At its core, the new “True Grit” is often surprisingly similar to the first, despite the clashing sensibilities of their directors (Henry Hathaway, a studio utility man, did the original) and the casting of an age-appropriate Mattie (Hailee Steinfeld) in lieu of the 21-year-old Kim Darby of 1969. But what leaps out this time, to the point of seeming fresh, is the fierce loyalty of the principal characters to each other (the third being a vain Texas Ranger, played by Matt Damon) and their clear-cut sense of morality and justice, even when the justice is rough. More than the first “True Grit,” the new one emphasizes Mattie’s precocious, almost obsessive preoccupation with the law. She is forever citing law-book principles, invoking lawyers and affidavits, and threatening to go to court. “You must pay for everything in this world one way or another,” says Mattie. “There is nothing free except the grace of God.”
That kind of legal and moral cost-accounting seems as distant as a tintype now. The new “True Grit” lands in an America that’s still not recovered from a crash where many of the reckless perpetrators of economic mayhem deflected any accountability and merely moved on to the next bubble, gamble or ethically dubious backroom deal. When Americans think of the law these days, they often think of a system that can easily be gamed by the rich and the powerful, starting with those who pillaged Lehman Brothers, A.I.G. and Citigroup and left taxpayers, shareholders and pensioners in the dust. A virtuous soul like Mattie would be crushed in a contemporary gold rush even if (or especially if) she fought back with the kind of civil action so prized by the 19th-century Mattie.

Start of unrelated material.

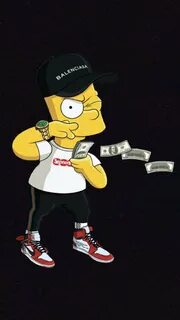 Bart With Money Wallpapers - Wallpaper Cave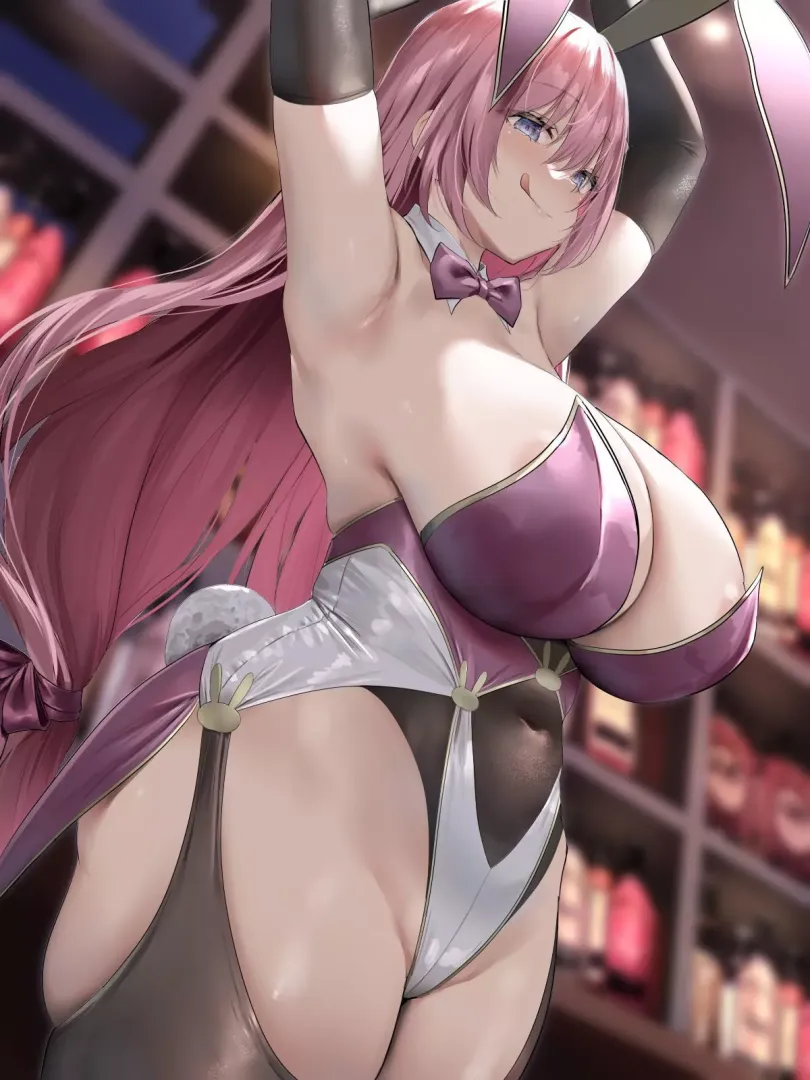 Busty Bunny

Talk about Two Americas. Look at “The Social Network” again after seeing “True Grit,” and you’ll see two different civilizations, as far removed from each other in ethos as Silicon Valley and Monument Valley. While “Social Network” fictionalizes Mark Zuckerberg, it mines the truth of an era — from the ability of the powerful and privileged to manipulate the system to the collapse of loyalty as a prized American virtue at the top of that economic pyramid.
In contrast to Mattie’s dictum, no one has to pay for any transgression in the world it depicts. Zuckerberg’s antagonists, Harvard classmates who accuse him of intellectual theft, and his allies, exemplified by a predatory venture capitalist, sometimes seem more entitled and ruthless than he is. The blackest joke in Aaron Sorkin’s priceless script is that Lawrence Summers, a Harvard president who would later moonlight as a hedge fund consultant, might intervene to arbitrate any ethical conflicts. You almost wish Rooster were around to get the job done.
“The Social Network” is nothing if not the true sequel to “Wall Street.” The director, David Fincher (no less brilliant than the Coens), makes the atmosphere almost as murky and poisonous as that of his serial killer movies, “Seven” and “Zodiac.” In “Social Network,” the landscape is Cambridge, MA, but we might as well be in the pre-civilized Wild West. Instead of thieves bearing guns, we have thieves bearing depositions. Instead of actual assassinations, we have character assassinations by blog post. In place of an honorable social code, we have a social network presided over by a post-adolescent billionaire whose business card reads “I’m CEO ... Bitch!”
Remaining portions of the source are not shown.